Source records
::::

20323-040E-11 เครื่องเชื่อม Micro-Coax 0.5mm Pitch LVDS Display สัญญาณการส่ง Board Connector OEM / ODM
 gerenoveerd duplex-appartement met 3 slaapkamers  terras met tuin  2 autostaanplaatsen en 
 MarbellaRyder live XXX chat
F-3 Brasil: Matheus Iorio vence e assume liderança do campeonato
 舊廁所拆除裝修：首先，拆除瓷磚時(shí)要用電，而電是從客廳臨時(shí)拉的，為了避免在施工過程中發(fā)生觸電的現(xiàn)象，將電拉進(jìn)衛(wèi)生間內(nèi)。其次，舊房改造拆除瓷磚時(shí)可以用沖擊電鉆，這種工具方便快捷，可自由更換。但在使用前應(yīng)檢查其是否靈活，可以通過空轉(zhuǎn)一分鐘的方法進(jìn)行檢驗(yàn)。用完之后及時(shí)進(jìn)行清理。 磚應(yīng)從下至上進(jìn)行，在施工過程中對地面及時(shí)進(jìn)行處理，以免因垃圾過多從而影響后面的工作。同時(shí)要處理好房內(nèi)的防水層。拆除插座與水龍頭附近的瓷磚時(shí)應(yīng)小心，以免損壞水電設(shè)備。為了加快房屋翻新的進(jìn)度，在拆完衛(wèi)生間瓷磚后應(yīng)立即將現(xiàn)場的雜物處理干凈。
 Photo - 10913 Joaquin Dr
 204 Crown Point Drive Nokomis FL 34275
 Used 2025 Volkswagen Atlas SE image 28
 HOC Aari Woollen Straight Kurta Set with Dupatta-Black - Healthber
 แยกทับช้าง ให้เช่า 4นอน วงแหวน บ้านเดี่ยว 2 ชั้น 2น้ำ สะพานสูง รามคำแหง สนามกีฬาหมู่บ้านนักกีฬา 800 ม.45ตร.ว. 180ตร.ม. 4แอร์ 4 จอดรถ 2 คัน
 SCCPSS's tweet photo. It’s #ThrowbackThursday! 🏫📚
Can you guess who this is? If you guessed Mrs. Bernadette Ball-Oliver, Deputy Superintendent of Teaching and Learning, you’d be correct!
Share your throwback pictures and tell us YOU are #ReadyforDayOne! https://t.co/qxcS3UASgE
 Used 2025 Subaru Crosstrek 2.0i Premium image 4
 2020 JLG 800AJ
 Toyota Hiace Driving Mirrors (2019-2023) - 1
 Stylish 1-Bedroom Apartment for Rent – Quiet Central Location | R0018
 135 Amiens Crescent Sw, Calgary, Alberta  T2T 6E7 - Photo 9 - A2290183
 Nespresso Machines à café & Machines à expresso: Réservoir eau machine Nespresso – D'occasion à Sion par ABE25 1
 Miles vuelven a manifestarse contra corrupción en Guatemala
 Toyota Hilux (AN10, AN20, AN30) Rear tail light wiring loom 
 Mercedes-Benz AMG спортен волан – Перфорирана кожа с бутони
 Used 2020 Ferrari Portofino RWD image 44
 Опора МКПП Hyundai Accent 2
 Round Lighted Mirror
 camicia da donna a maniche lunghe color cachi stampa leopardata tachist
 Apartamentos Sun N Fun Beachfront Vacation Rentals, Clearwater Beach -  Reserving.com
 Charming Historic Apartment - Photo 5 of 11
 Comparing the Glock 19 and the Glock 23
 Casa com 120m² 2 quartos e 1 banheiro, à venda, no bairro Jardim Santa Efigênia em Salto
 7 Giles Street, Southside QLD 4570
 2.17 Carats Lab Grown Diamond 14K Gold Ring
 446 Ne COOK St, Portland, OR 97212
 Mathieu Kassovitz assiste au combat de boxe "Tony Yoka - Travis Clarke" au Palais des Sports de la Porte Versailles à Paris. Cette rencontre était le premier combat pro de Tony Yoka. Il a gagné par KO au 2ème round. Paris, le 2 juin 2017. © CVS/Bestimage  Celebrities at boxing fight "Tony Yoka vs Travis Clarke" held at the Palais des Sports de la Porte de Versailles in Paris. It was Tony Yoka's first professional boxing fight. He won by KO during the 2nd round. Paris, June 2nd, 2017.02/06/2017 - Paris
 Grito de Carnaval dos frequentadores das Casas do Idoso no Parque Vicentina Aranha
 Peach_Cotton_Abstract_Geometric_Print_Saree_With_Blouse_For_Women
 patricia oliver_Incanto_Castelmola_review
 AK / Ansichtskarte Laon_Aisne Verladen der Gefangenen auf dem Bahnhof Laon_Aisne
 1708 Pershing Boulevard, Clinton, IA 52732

::::

Try it
A complete and exact reproduction of the data is needed.

Exercise response
20323-040E-11 เครื่องเชื่อม Micro-Coax 0.5mm Pitch LVDS Display สัญญาณการส่ง Board Connector OEM / ODM
 gerenoveerd duplex-appartement met 3 slaapkamers  terras met tuin  2 autostaanplaatsen en 
 MarbellaRyder live XXX chat
F-3 Brasil: Matheus Iorio vence e assume liderança do campeonato
 舊廁所拆除裝修：首先，拆除瓷磚時(shí)要用電，而電是從客廳臨時(shí)拉的，為了避免在施工過程中發(fā)生觸電的現(xiàn)象，將電拉進(jìn)衛(wèi)生間內(nèi)。其次，舊房改造拆除瓷磚時(shí)可以用沖擊電鉆，這種工具方便快捷，可自由更換。但在使用前應(yīng)檢查其是否靈活，可以通過空轉(zhuǎn)一分鐘的方法進(jìn)行檢驗(yàn)。用完之后及時(shí)進(jìn)行清理。 磚應(yīng)從下至上進(jìn)行，在施工過程中對地面及時(shí)進(jìn)行處理，以免因垃圾過多從而影響后面的工作。同時(shí)要處理好房內(nèi)的防水層。拆除插座與水龍頭附近的瓷磚時(shí)應(yīng)小心，以免損壞水電設(shè)備。為了加快房屋翻新的進(jìn)度，在拆完衛(wèi)生間瓷磚后應(yīng)立即將現(xiàn)場的雜物處理干凈。
 Photo - 10913 Joaquin Dr
 204 Crown Point Drive Nokomis FL 34275
 Used 2025 Volkswagen Atlas SE image 28
 HOC Aari Woollen Straight Kurta Set with Dupatta-Black - Healthber
 แยกทับช้าง ให้เช่า 4นอน วงแหวน บ้านเดี่ยว 2 ชั้น 2น้ำ สะพานสูง รามคำแหง สนามกีฬาหมู่บ้านนักกีฬา 800 ม.45ตร.ว. 180ตร.ม. 4แอร์ 4 จอดรถ 2 คัน
 SCCPSS's tweet photo. It’s #ThrowbackThursday! 🏫📚
Can you guess who this is? If you guessed Mrs. Bernadette Ball-Oliver, Deputy Superintendent of Teaching and Learning, you’d be correct!
Share your throwback pictures and tell us YOU are #ReadyforDayOne! https://t.co/qxcS3UASgE
 Used 2025 Subaru Crosstrek 2.0i Premium image 4
 2020 JLG 800AJ
 Toyota Hiace Driving Mirrors (2019-2023) - 1
 Stylish 1-Bedroom Apartment for Rent – Quiet Central Location | R0018
 135 Amiens Crescent Sw, Calgary, Alberta  T2T 6E7 - Photo 9 - A2290183
 Nespresso Machines à café & Machines à expresso: Réservoir eau machine Nespresso – D'occasion à Sion par ABE25 1
 Miles vuelven a manifestarse contra corrupción en Guatemala
 Toyota Hilux (AN10, AN20, AN30) Rear tail light wiring loom 
 Mercedes-Benz AMG спортен волан – Перфорирана кожа с бутони
 Used 2020 Ferrari Portofino RWD image 44
 Опора МКПП Hyundai Accent 2
 Round Lighted Mirror
 camicia da donna a maniche lunghe color cachi stampa leopardata tachist
 Apartamentos Sun N Fun Beachfront Vacation Rentals, Clearwater Beach -  Reserving.com
 Charming Historic Apartment - Photo 5 of 11
 Comparing the Glock 19 and the Glock 23
 Casa com 120m² 2 quartos e 1 banheiro, à venda, no bairro Jardim Santa Efigênia em Salto
 7 Giles Street, Southside QLD 4570
 2.17 Carats Lab Grown Diamond 14K Gold Ring
 446 Ne COOK St, Portland, OR 97212
 Mathieu Kassovitz assiste au combat de boxe "Tony Yoka - Travis Clarke" au Palais des Sports de la Porte Versailles à Paris. Cette rencontre était le premier combat pro de Tony Yoka. Il a gagné par KO au 2ème round. Paris, le 2 juin 2017. © CVS/Bestimage  Celebrities at boxing fight "Tony Yoka vs Travis Clarke" held at the Palais des Sports de la Porte de Versailles in Paris. It was Tony Yoka's first professional boxing fight. He won by KO during the 2nd round. Paris, June 2nd, 2017.02/06/2017 - Paris
 Grito de Carnaval dos frequentadores das Casas do Idoso no Parque Vicentina Aranha
 Peach_Cotton_Abstract_Geometric_Print_Saree_With_Blouse_For_Women
 patricia oliver_Incanto_Castelmola_review
 AK / Ansichtskarte Laon_Aisne Verladen der Gefangenen auf dem Bahnhof Laon_Aisne
 1708 Pershing Boulevard, Clinton, IA 52732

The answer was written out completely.